** Provided data follows **

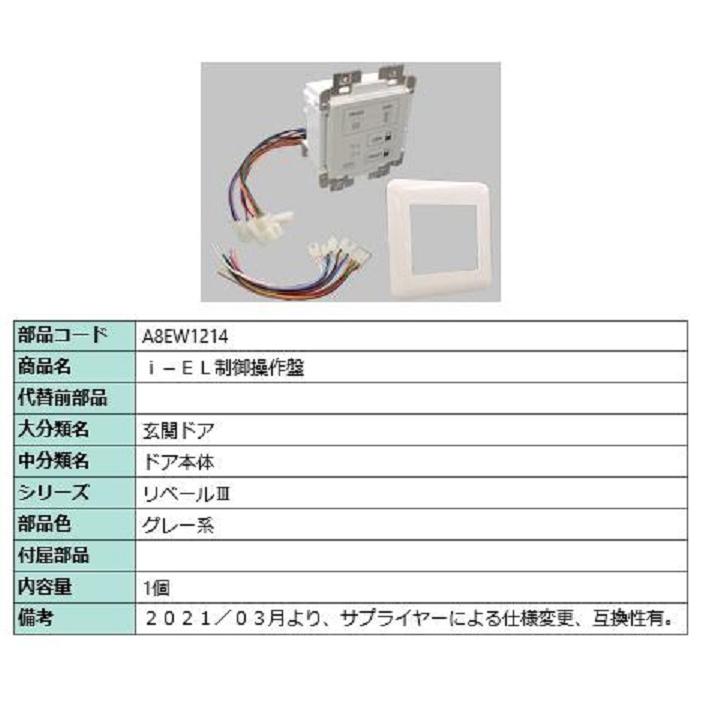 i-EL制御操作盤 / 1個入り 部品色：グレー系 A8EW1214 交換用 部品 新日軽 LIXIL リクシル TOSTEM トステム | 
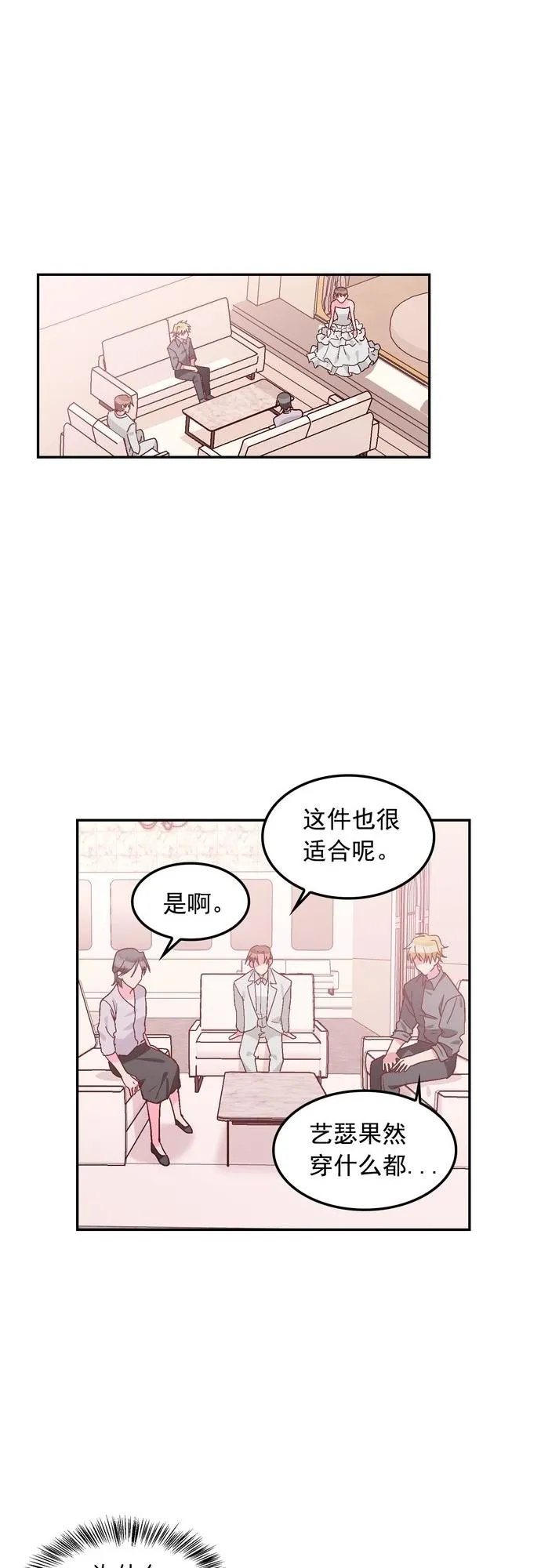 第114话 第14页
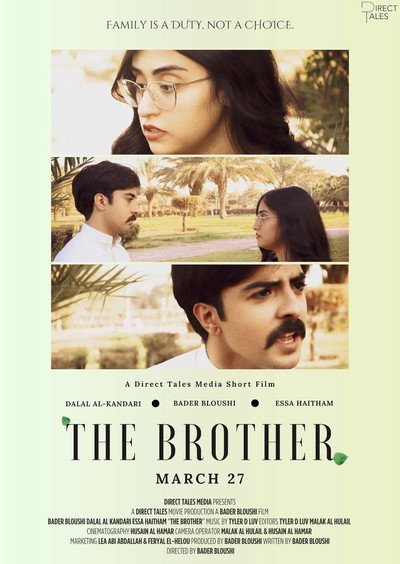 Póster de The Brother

** End of Provided data **

• _The task_
Set down all the data again exactly as above, pictures excluded.

• _Written solution_
 i-EL制御操作盤 / 1個入り 部品色：グレー系 A8EW1214 交換用 部品 新日軽 LIXIL リクシル TOSTEM トステム | 
 第114话 第14页
 Póster de The Brother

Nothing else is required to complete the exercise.